Looking at 77 studies from the temperate areas and tropics, the Michigan team found that greater use of nitrogen-fixing crops in the world's major agricultural regions could result in 58 million metric tons more nitrogen than the amount of synthetic nitrogen currently used every year. Research at the Rodale Institute in Pennsylvania showed that red clover used as a winter cover in an oat/wheat-corn-soy rotation, with no additional fertilizer inputs, achieved yields comparable to those in conventional control fields.
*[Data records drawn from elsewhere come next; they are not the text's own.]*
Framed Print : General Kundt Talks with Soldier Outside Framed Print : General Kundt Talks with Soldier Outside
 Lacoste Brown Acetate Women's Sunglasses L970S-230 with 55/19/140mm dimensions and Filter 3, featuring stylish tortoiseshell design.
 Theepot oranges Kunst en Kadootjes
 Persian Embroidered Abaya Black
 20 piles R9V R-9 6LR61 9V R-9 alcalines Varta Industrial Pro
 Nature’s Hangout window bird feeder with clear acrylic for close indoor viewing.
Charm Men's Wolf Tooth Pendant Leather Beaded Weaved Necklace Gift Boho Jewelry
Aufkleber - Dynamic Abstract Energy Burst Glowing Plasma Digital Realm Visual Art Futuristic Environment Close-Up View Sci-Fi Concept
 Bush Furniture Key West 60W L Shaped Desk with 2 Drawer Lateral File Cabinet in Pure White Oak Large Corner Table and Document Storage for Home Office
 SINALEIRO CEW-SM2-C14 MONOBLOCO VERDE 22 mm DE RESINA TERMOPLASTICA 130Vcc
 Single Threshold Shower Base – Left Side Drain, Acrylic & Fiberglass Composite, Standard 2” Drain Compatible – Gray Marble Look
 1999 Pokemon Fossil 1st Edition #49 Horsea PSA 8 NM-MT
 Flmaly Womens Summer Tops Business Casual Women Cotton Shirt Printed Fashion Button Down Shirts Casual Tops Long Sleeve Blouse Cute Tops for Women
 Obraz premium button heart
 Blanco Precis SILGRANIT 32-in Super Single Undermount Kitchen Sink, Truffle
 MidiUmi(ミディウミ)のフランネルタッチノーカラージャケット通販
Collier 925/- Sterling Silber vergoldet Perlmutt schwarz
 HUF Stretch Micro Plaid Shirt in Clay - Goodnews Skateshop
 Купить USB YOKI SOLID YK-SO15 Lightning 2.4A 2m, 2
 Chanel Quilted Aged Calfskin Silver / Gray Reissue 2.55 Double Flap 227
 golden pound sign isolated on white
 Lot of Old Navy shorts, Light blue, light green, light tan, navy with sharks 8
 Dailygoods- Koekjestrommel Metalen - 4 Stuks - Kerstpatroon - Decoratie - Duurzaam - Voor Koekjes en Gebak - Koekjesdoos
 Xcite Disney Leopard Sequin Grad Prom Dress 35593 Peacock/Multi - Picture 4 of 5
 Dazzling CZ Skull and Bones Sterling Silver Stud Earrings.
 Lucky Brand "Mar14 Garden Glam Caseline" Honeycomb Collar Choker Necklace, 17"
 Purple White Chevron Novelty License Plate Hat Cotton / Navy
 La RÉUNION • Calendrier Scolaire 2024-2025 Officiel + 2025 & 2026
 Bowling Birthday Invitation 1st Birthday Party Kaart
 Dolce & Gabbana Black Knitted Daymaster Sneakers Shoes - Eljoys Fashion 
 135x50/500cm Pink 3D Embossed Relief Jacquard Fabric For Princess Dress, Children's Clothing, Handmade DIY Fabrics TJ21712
Even in arid and semi-arid tropical regions like East Africa, where water availability is limited between periods of crop production, drought-resistant green manures such as pigeon peas or groundnuts could be used to fix nitrogen. In Washington state, organic wheat growers have matched their non-organic neighbor's wheat yields using the same field pea rotation for nitrogen. In Kenya, farmers using leguminous tree crops have doubled or tripled corn yields as well as suppressing certain stubborn weeds and generating additional animal fodder.
The Michigan results imply that no additional land area is required to obtain enough biologically available nitrogen, even without including the potential for intercropping (several crops grown in the same field at the same time), rotation of livestock with annual crops, and inoculation of soil with Azobacter, Azospirillum, and other free-living nitrogen-fixing bacteria.